Word for word, restate the lines of the data below between those holding "7978 Frith Road, Columbus, MI 48063" and "Volvo XC60 2.0", inclusive; pictures do not belong in the copy.

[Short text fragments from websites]
>>>
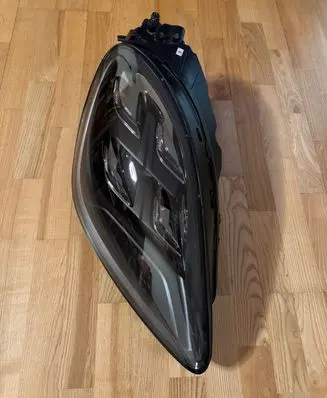 Porsche Cayenne (9Y0 9Y3) Headlight/headlamp 9Y0941036J 1EK2296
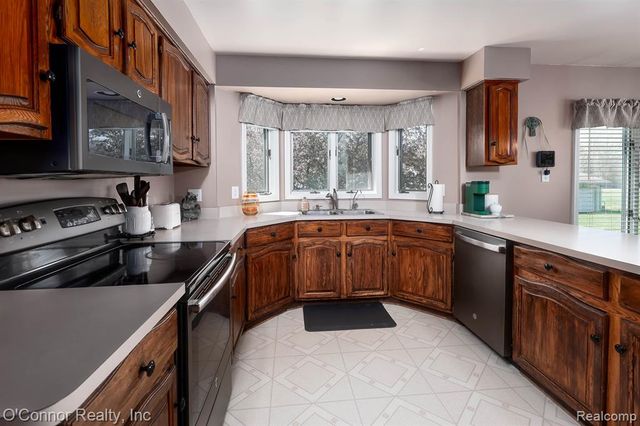 7978 Frith Road, Columbus, MI 48063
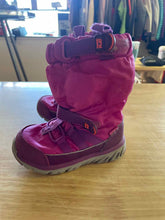 Load image into Gallery viewer, Child Size 6 Stride Rite Girl's Shoe &amp; Boot

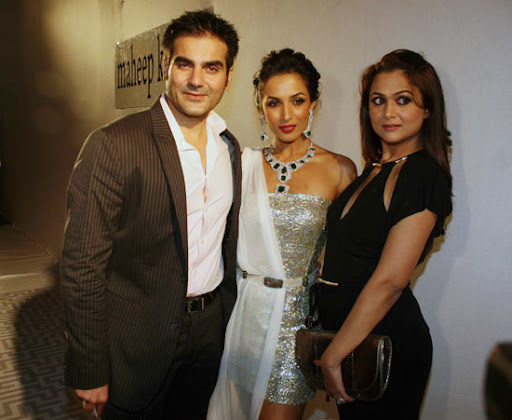 CLICK THE ABOVE ARROW TO  ZOOM THE IMAGE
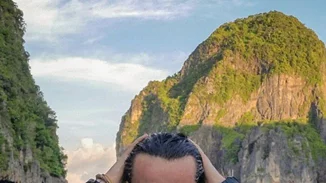 Γιώργος Μαυρίδης: Βουτιά στα καταγάλανα νερά της Κρήτης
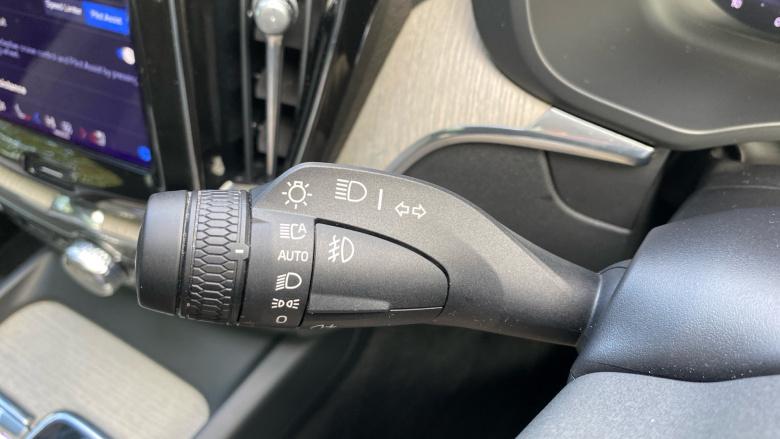 Volvo XC60 2.0 T8 [455] RC PHEV Ultimate Dark 5dr AWD Gtron Estate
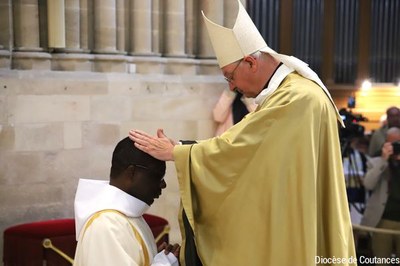 Ordination et consécration du diocèse   023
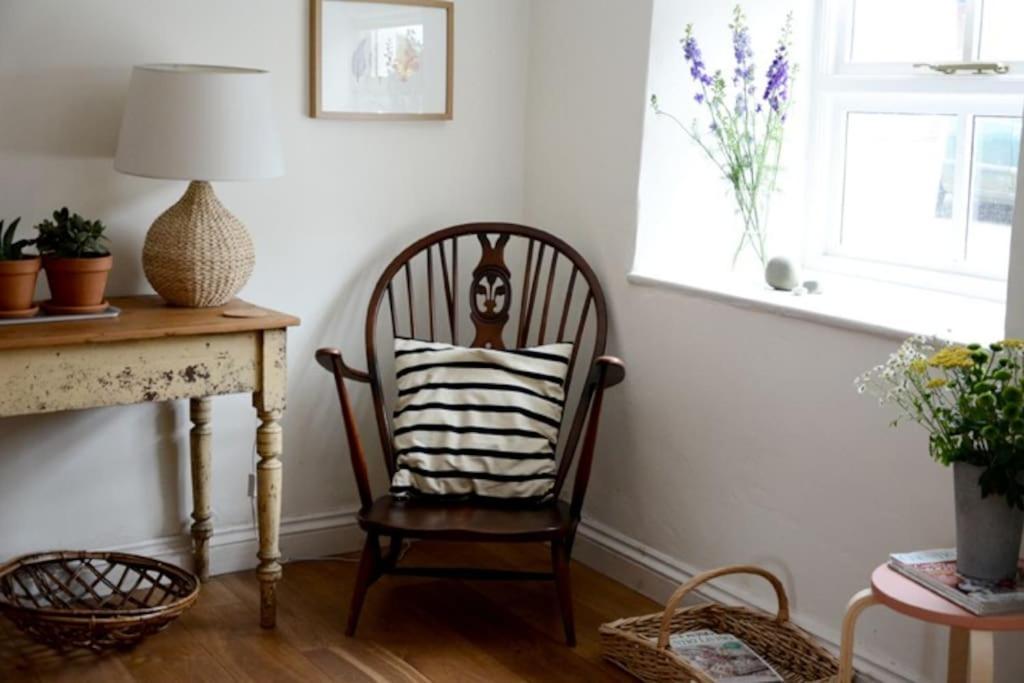 Spring Cottage,Gorgeous And Hi-Spec Kilkhampton 外观 照片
<<<
- Answer to the exercise
 7978 Frith Road, Columbus, MI 48063
 Load image into Gallery viewer, Child Size 6 Stride Rite Girl's Shoe &amp; Boot

 CLICK THE ABOVE ARROW TO  ZOOM THE IMAGE
 Γιώργος Μαυρίδης: Βουτιά στα καταγάλανα νερά της Κρήτης
 Volvo XC60 2.0 T8 [455] RC PHEV Ultimate Dark 5dr AWD Gtron Estate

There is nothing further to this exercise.